**TRY IT:**
Take the material below and extract the lines from the one with "クロムハーツ プレーン レザー 1.5 ベルト ホースシュー リベット（バックルなし）" through the one with "Profiles, Mouldings (Moldings), Special", word for word, without pictures.

**LISTED ENTRIES:**
====================

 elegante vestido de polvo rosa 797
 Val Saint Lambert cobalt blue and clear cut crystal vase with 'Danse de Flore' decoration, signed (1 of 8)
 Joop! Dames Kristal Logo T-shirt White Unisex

====================

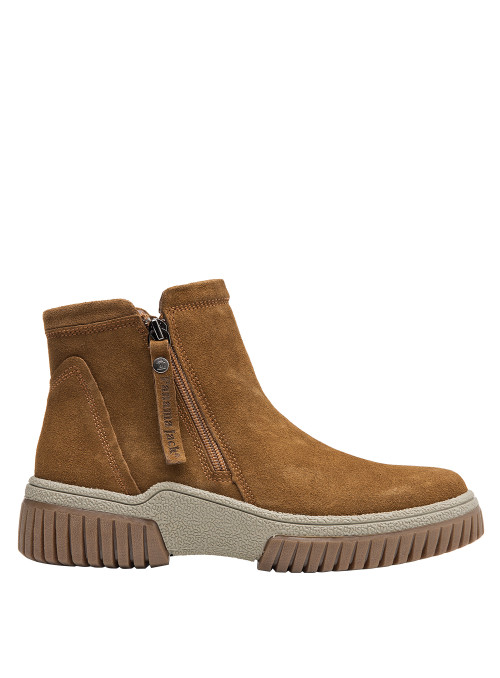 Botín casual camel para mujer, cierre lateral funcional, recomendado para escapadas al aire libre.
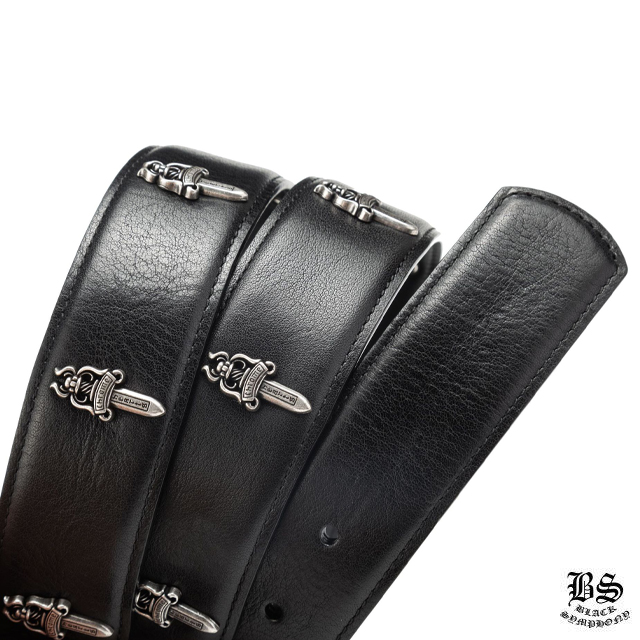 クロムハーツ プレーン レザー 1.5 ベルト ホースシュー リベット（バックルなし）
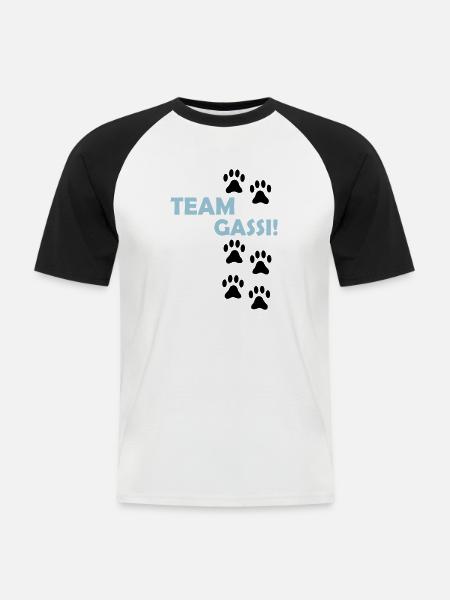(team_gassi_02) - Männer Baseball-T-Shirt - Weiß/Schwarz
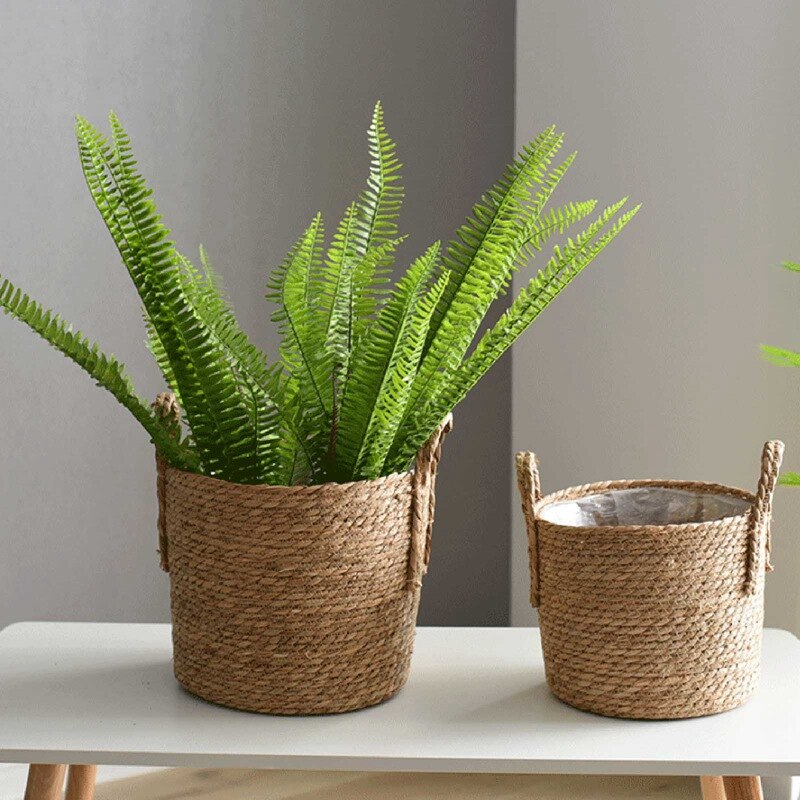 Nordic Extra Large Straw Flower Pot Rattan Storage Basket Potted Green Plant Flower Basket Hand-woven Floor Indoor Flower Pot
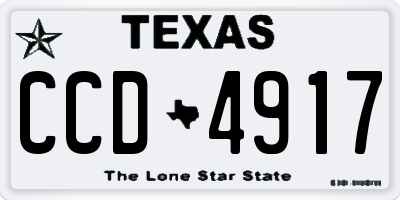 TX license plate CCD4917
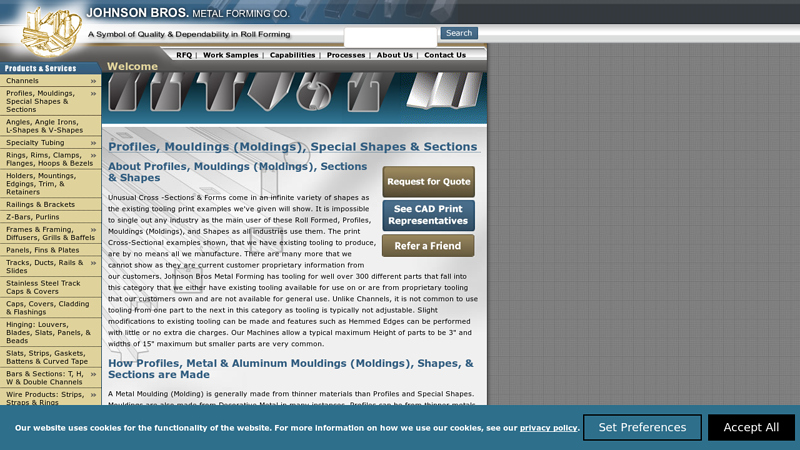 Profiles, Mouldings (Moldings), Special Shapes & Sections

====================

**SOLVED EXERCISE:**
 クロムハーツ プレーン レザー 1.5 ベルト ホースシュー リベット（バックルなし）
(team_gassi_02) - Männer Baseball-T-Shirt - Weiß/Schwarz
 Nordic Extra Large Straw Flower Pot Rattan Storage Basket Potted Green Plant Flower Basket Hand-woven Floor Indoor Flower Pot
 TX license plate CCD4917
 Profiles, Mouldings (Moldings), Special Shapes & Sections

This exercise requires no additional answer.